The type of convection employed in an atmosphere general circulation model (AGCM) can play a major role in determining the dynamical structure of the model atmosphere. Previous studies have found that a model's ability to simulate the Madden Julian Oscillation (MJO) is improved if the convective parameterisation is closed on buoyancy rather than moisture convergence. Our recent analysis of two versions of the BMRC AGCM (BAM), using moisture convergence and CAPE convection regimes, confirmed these results. The intra-seasonal variability in BAM with CAPE closure showed MJO-like eastward propagating disturbances on intra-seasonal time scales.

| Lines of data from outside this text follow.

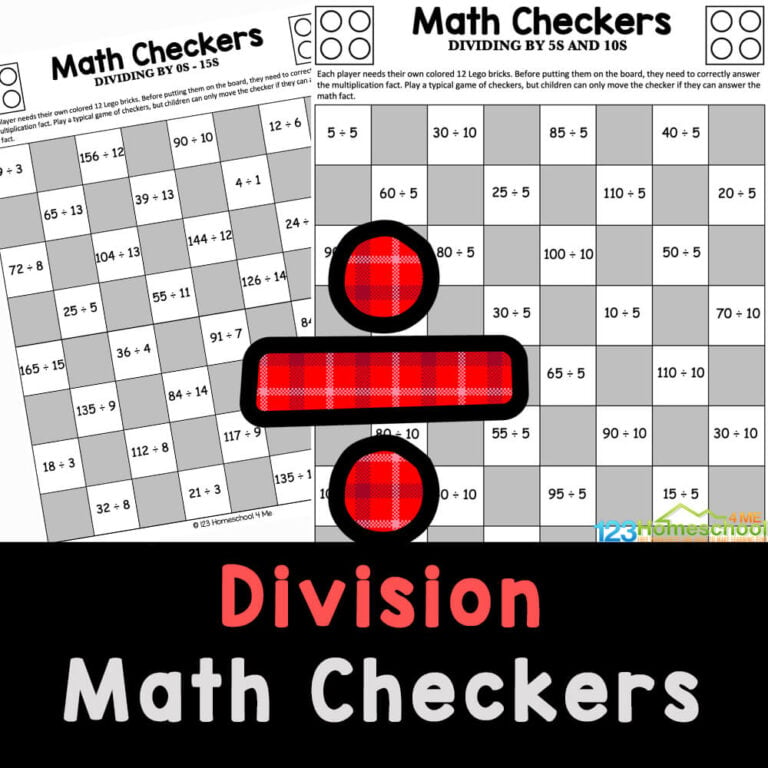 Kids will love practicing division with Cool Math Games Checkers. This FUN and FREE printable game practices dividing with 3rd-6th grade.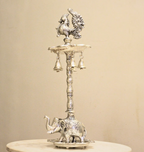 Elephant Peacock Samai Oil Lamp – Large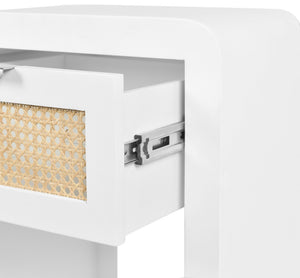 Langham Natural Cane / Engineered Wood / Metal Mid Century White Night Stand - 18" W x 14" D x 24" H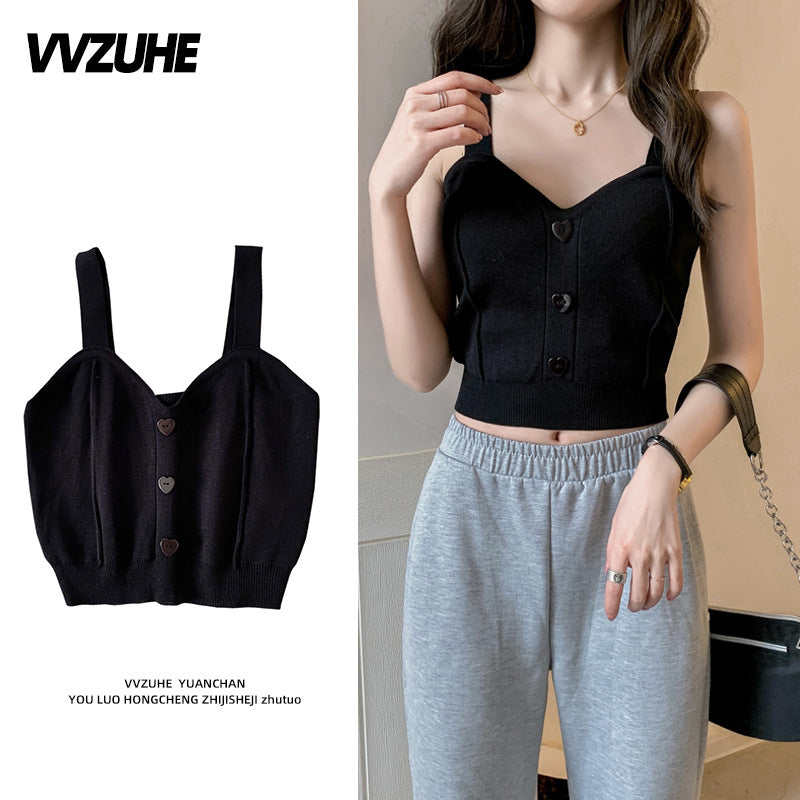 Dopamine tops Free shipping Tattoo Pink Dopamine Wear Seaside Small Suspender Female Sexy Neck Wear Vest Sweet Spicy Thai Top Spice Girl Summer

Since intra-seasonal SST fluctuations are coherent with the MJO, air-sea interaction may be important for the dynamics of the MJO. Some recent studies have shown that the variability of eastward propagation in GCMs at MJO scales is better when coupled to an ocean model than when forced with observed sea surface temperatures. In our initial stages of determining the role of ocean-atmosphere coupling on the dynamics of the MJO, we coupled the CAPE version of BAM to a simple ocean slab model to show that the simulation of the MJO in BAM was improved compared to the uncoupled case. We also used wavenumber-frequency spectral analysis techniques to investigate the dependence of the MJO on ocean slab layer depth.